Problem statement: Transcribe the records that follow in their entirety, omitting any pictures.

Records provided:
▼

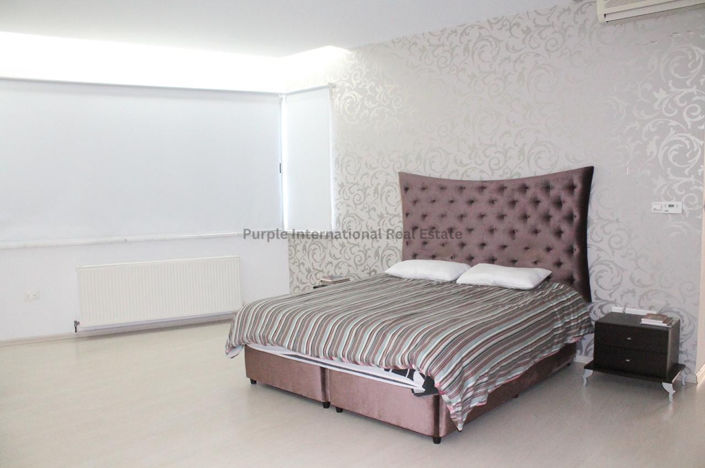 Image No.10-5 Bed Villa for sale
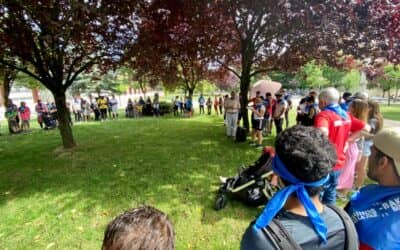 Cientos de personas caminan por la paz y la hospitalidad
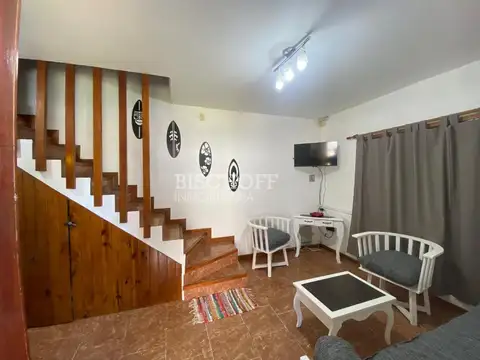 Casa en Alquiler Temporal con 1 cochera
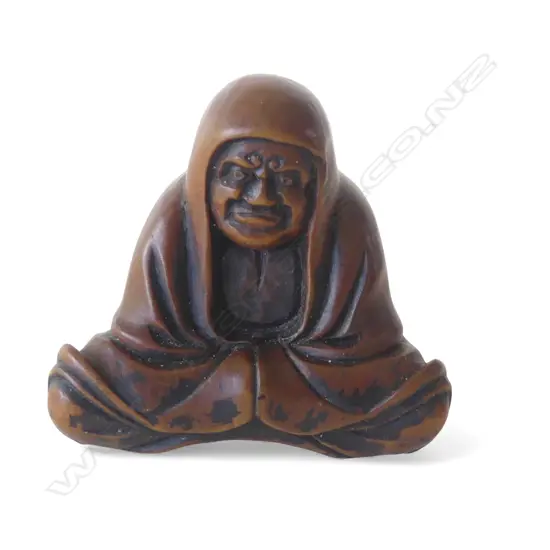 MEIJI PERIOD BOXWOOD NETSUKE meditating daruma H.36mm 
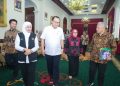 Gubernur Khofifah saat menerima audiensi Kepala Badan Riset dan Inovasi Nasional (BRIN) Arif Satria di Gedung Negara Grahadi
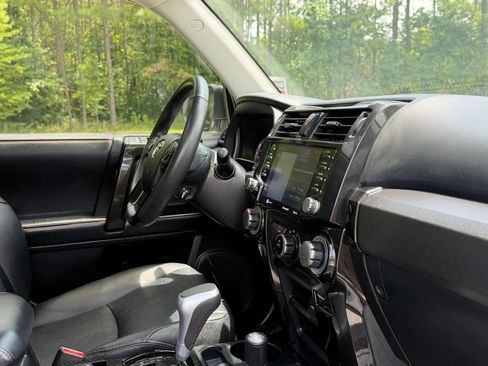 Used 2021 Toyota 4Runner Venture w/ Moonroof Package AWD/4WD image 29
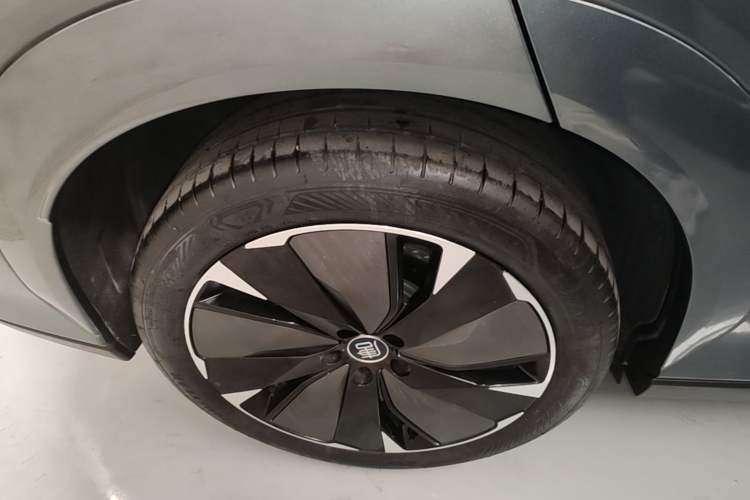 Used BYD Tang L 2025 DM 175KM Drone Player Edition Right Rear Wheel Hub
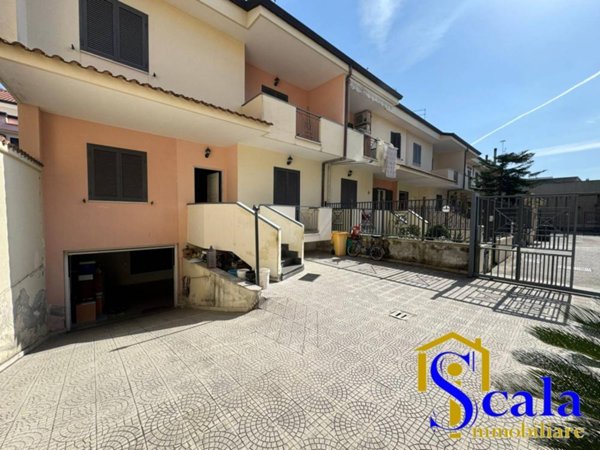 casa indipendente in vendita a Macerata Campania in zona Caturano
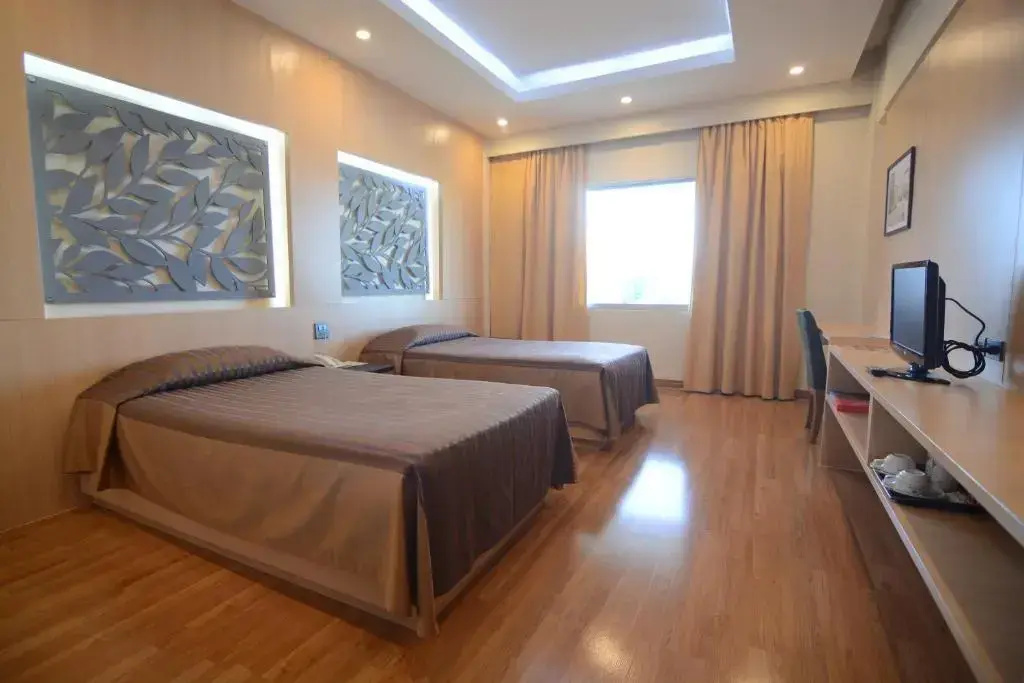 Grand Deluxe Double room (twin beds)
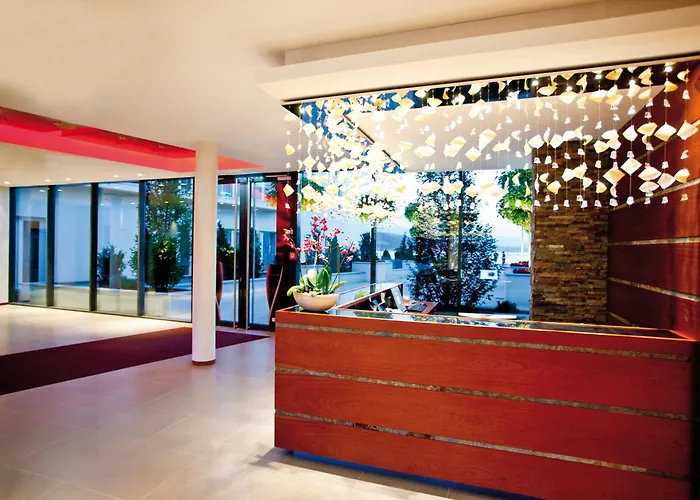 Hotel Lake's - My Portschach am Woerthersee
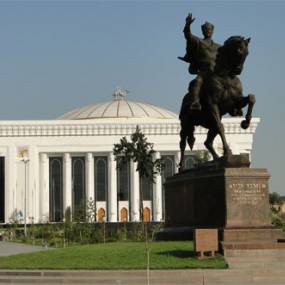 Памятник Эмира Тимура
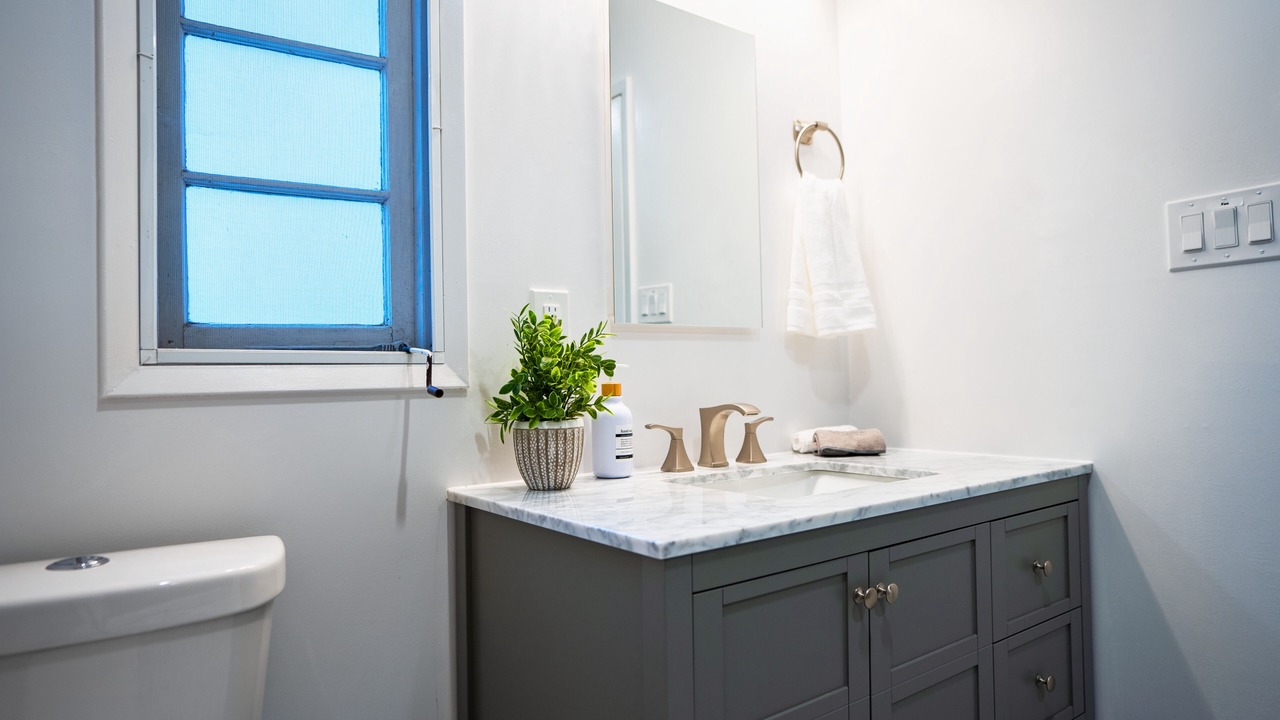 Photo of Bathroom in East Foothills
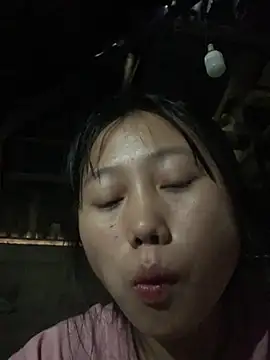 ngoccc-nga online show from March 8, 2026, 3:21 am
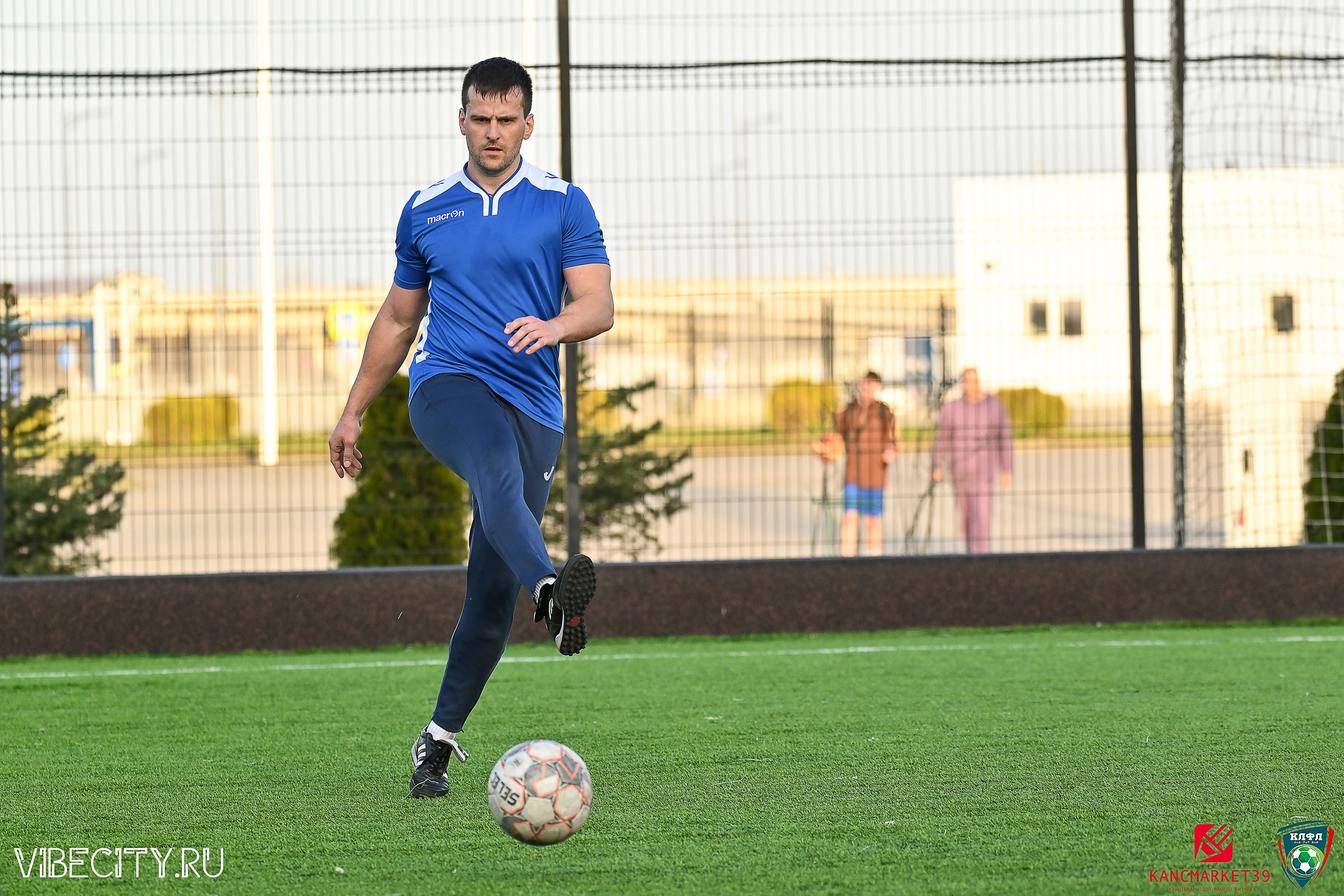 XX ЧЕМПИОНАТ КАЛИНИНГРАДСКОЙ ЛФЛ КАНЦМАРКЕТ39 сезона 2024–2025 гг. VIBECITY.RU Вайб Сити Ру Фоторепортажи Фотоотчеты Калининград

▲

Solved problem:
 Image No.10-5 Bed Villa for sale
 Cientos de personas caminan por la paz y la hospitalidad
 Casa en Alquiler Temporal con 1 cochera
 MEIJI PERIOD BOXWOOD NETSUKE meditating daruma H.36mm 
 Gubernur Khofifah saat menerima audiensi Kepala Badan Riset dan Inovasi Nasional (BRIN) Arif Satria di Gedung Negara Grahadi
 Used 2021 Toyota 4Runner Venture w/ Moonroof Package AWD/4WD image 29
 Used BYD Tang L 2025 DM 175KM Drone Player Edition Right Rear Wheel Hub
 casa indipendente in vendita a Macerata Campania in zona Caturano
 Grand Deluxe Double room (twin beds)
 Hotel Lake's - My Portschach am Woerthersee
 Памятник Эмира Тимура
 Photo of Bathroom in East Foothills
 ngoccc-nga online show from March 8, 2026, 3:21 am
 XX ЧЕМПИОНАТ КАЛИНИНГРАДСКОЙ ЛФЛ КАНЦМАРКЕТ39 сезона 2024–2025 гг. VIBECITY.RU Вайб Сити Ру Фоторепортажи Фотоотчеты Калининград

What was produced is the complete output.